Not surprisingly, the study states that nearly 60 percent of people polled have streamed a music video over the last three months, which in and of itself, doesn't mean much. Since music videos can be embedded in blogs and social networks, it would make sense that the majority of people have watched one.
From there, the stats get a little bit wonkier. Almost 50 percent of people had downloaded a song without paying for it. Again, this is a little deceiving because it doesn't mean the songs were pirated. As we see every single week, bands are constantly giving away free songs. The real number is a little harder to track down, but according to a recent study performed in the UK, there was something around 1.2 billion illegal music downloads last year, as opposed to the 160 million in sales.
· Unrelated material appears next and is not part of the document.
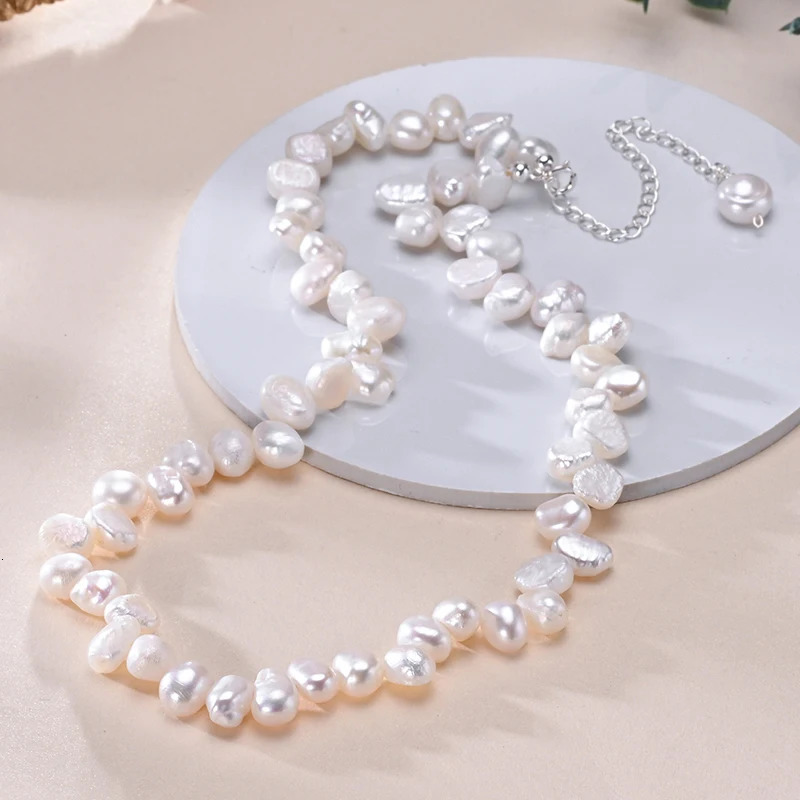 Natural freshwater pearls 6-7mm irregular inlaid pearl necklace S925 pure silver chain fashionable womens jewelry gift 241126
Here's the part record labels are going to be worried about. Fewer than 20 percent of Internet users worldwide paid for a song online; fewer still bought full albums. Of course, the other 80 percent of people weren't pirating music; it just means they didn't buy an album or song online. As we'd expect, sales were down last year across the board, as digital sales aren't rising as quickly as physical discs are dropping.
So what does it all mean for 2011? Nothing, really. But it does prove a few things that we already know: people like music videos now more than ever because they can watch them on demand, share them with friends and stream them whenever they want. Despite the fact YouTube added links to Amazon and iTunes two years ago, as a promotional tool music videos aren't really doing their job to sell more albums. Most importantly, while digital sales are still rising, they're not keeping up with the fall of physical sales, and a surprising large amount of people are still terrified of purchasing anything from their computer.